Если Донское войско послужило для Деникина «армией прикрытия», под защитой которой он развернул свои добровольческие кадры, то Кубань была его базой, в особенности - в первый и последний периоды борьбы. «Кубань, - пишет Деникин, - волею судеб являлась нашим тылом, источником комплектования и питания Кавказской армии и связующим путем как с Северным Кавказом, так и с единственной нашей базой - Новороссийском» [47].
Так было в начале борьбы. Потом база расширилась на все порты Черного моря и левобережную Украину, а под конец опять сузилась до Новороссийска.
Кубанское войско. На Кубани обстановка сложилась сложнее, чем на Дону, по причине особого экономического положения Кубани и ее федералистских стремлений. Оставаясь в глубоком тылу «вооруженных сил Юга России», развивавших борьбу с начала 1919 г. исключительно на территории Донской области и Украины, Кубань оказалась в особенно выгодном положении по части использования своих сельскохозяйственных богатств, чем и не замедлила воспользоваться, установив у себя хлебную монополию и регистрацию вывоза товаров. Позднее был выставлен принцип ввоза эквивалентов, т.е. требование, чтобы ни один фунт товаров не вывозился из области без возмещения товарами, в которых нуждается ее население. Таким образом, создалась политика экономического сепаратизма, которая встала в резкое противоречие с централизмом деникинской власти, требовавшей вывоза продовольствия для нужд вооруженных сил Юга (без эквивалента), задерживавшей расчеты и останавливавшей экспорт кубанских продуктов за границу (в Константинополь). Узкообластной, федералистский шовинизм помещичье-кулацкой верхушки кубанского казачества, несмотря на общность задач в борьбе с советской властью, все же не давал ни дружбы, ни тем более политического союза с «единой и неделимой» (Деникин), а прямо вел эту верхушку на позиции самостийной петлюровской Украины.
Наряду с этим большое значение получил вопрос о «Южнорусском союзе и правительстве», который Кубанская рада особенно энергично отстаивала.
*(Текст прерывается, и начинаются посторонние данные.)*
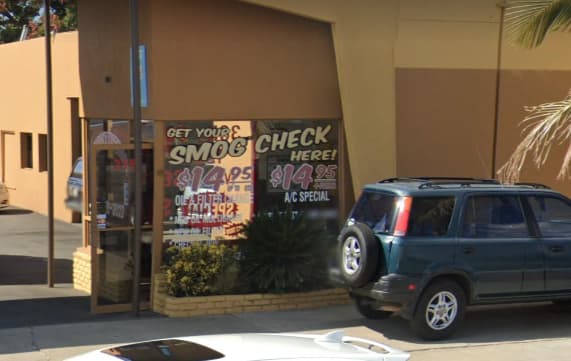 Smog Places Near Me Orange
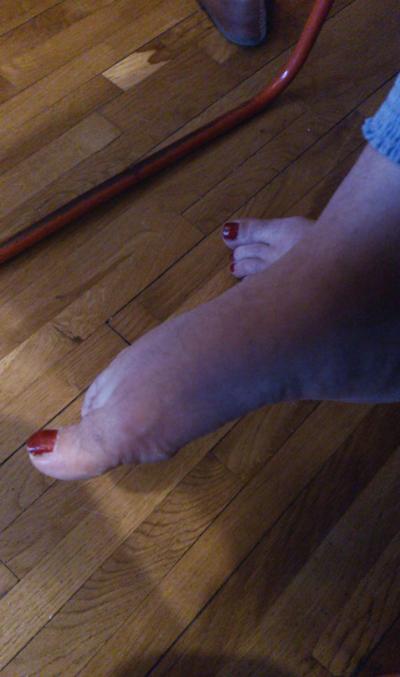 15P My grandma's feet
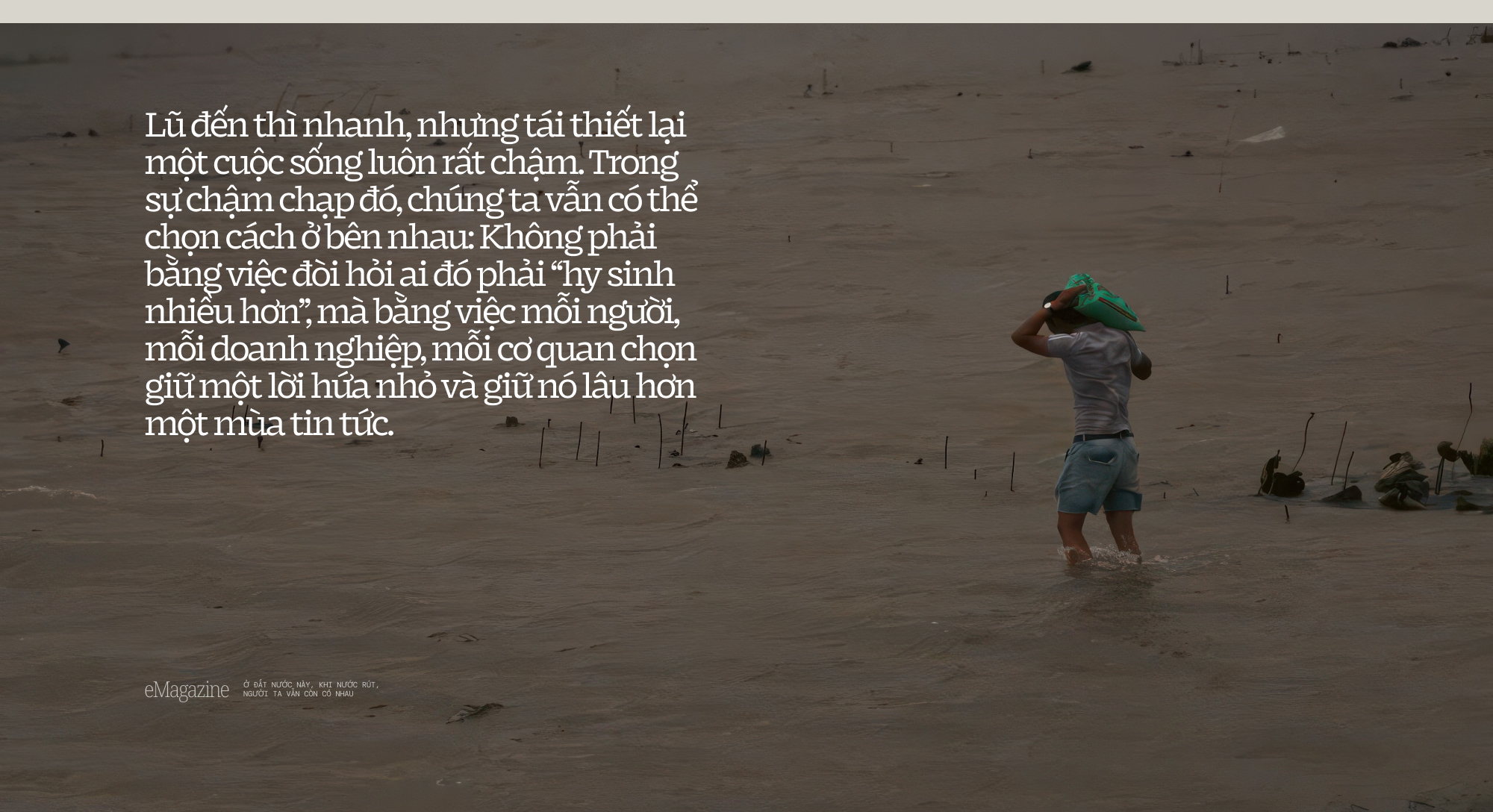 Ở đất nước này, khi nước rút, người ta vẫn còn có nhau- Ảnh 13. Ở đất nước này, khi nước rút, người ta vẫn còn có nhau- Ảnh 13.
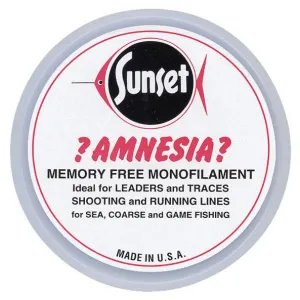 Sunset Amnesia Memory Free Monofilament Trace | 12lb / 5.6kg 100m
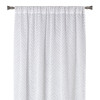 Firana klasyczna poliester 140 cm x 260 kółka biała fantazyjne zdobienie - 5903754818127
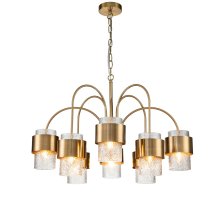 Подвесная люстра Indigo Eleganza 12019/A/8P Brass V000323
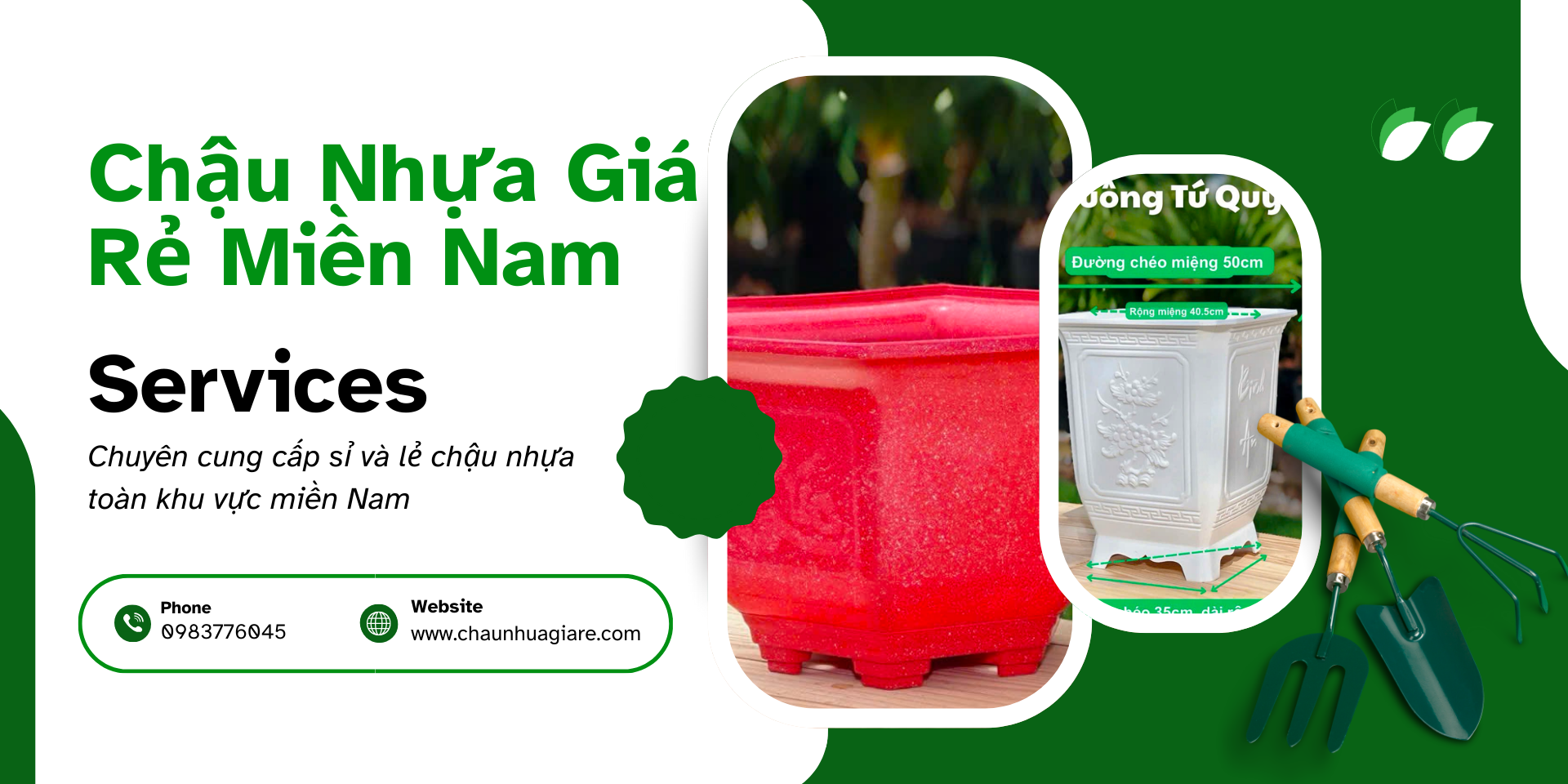 Chậu Nhựa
Идея объединения казачьих войск возникла еще в 1917 г., но в неясных формах. Позднее, при атамане Краснове, существовал проект «Доно-Кавказского союза». В ноябре 1918 г. в начале работ Кубанской рады было выставлено положение о воссоздании России в форме Всероссийской федеративной республики с установлением формы правления на Всероссийском учредительном собрании нового созыва. Власть должна была образоваться не сверху, как требовал Деникин, а «снизу», путем сложения местных властей. Кубанский край должен войти в союз как член федерации, так же, как Украина, Дон, Терек, Азербайджан, Грузия и Союз горских народов. Эти тезисы, принятые радой и определившие конституцию Кубанского края, находились в полном противоречии с военной диктатурой и вызвали конфликт, не прекращавшийся до конца деникинщины [48].
Первое кубанское правительство [49]продержалось до марта 1919 г. Внутри рады возникли сразу противоречия между правящей группой «черноморцев», составленной из кулацких элементов, и буржуазно-служивыми и офицерскими элементами «линейцев» [50].
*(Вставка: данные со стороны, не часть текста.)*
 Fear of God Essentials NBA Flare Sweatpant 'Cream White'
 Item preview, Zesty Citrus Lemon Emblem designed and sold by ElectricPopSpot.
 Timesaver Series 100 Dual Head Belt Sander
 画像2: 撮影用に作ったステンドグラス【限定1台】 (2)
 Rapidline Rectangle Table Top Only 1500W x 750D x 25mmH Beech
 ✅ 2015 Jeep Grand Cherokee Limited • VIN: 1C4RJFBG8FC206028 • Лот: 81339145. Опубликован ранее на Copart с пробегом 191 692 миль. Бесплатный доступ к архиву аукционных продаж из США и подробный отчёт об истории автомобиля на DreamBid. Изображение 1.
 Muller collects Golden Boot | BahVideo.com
Черноморцы не удовлетворялись внутренней автономией Кубани, отстаивали свободу внешних сношений Кубани, ее полную самостоятельность в области товарообмена и самостоятельность кубанской армии; таким образом, они являлись крайними сепаратистами. Линейцы, являясь лишь федералистами, выставляли более умеренные требования и ориентировались на Добрармию. Выдвинутое на смену черноморцам правительство Сушкова, ставленника Деникина и крупной буржуазии, должно было вскоре подать в отставку, но оппозиция была не в силах создать свое правительство, и деникинская агентура оставалась у власти до середины мая, когда образовалось третье по счету правительство Курганского, которое снова подняло лозунги самостийности и взяло на себя инициативу созыва Южнорусской конференции с участием не только Донского, Кубанского и Терского казачьих войск, но также Закавказья и горских племен. Деникин запротестовал. Время было тяжелое (10-я красная армия надвигалась от Великокняжеской), и конференцию отложили. Но с развитием успехов Добрармии, когда красные войска почти очистили землю Войска Донского, 11 июня старого стиля состоялся съезд представителей круга (рады) и правительств трех казачьих войск, на этот раз в Ростове, для заключения «Юго-Восточного союза» и утверждения «кровью добытых автономных прав», хотя пределы автономии на Дону и на Кубани понимались различно.
[44]
Деникин, т. V, стр. 188. Кин. стр. 236..
[45]
Деникин, т. V, стр. 191.
[46]
Там же, стр. 19.
[47]
Там же, стр. 199.
[48]
Деникин, т. V, стр. 200, т. IV, стр. 49.
[49]
Председатель рады — Рябовол, атаман — Быч.
[50]
Кин. Деникинщина, стр. 233..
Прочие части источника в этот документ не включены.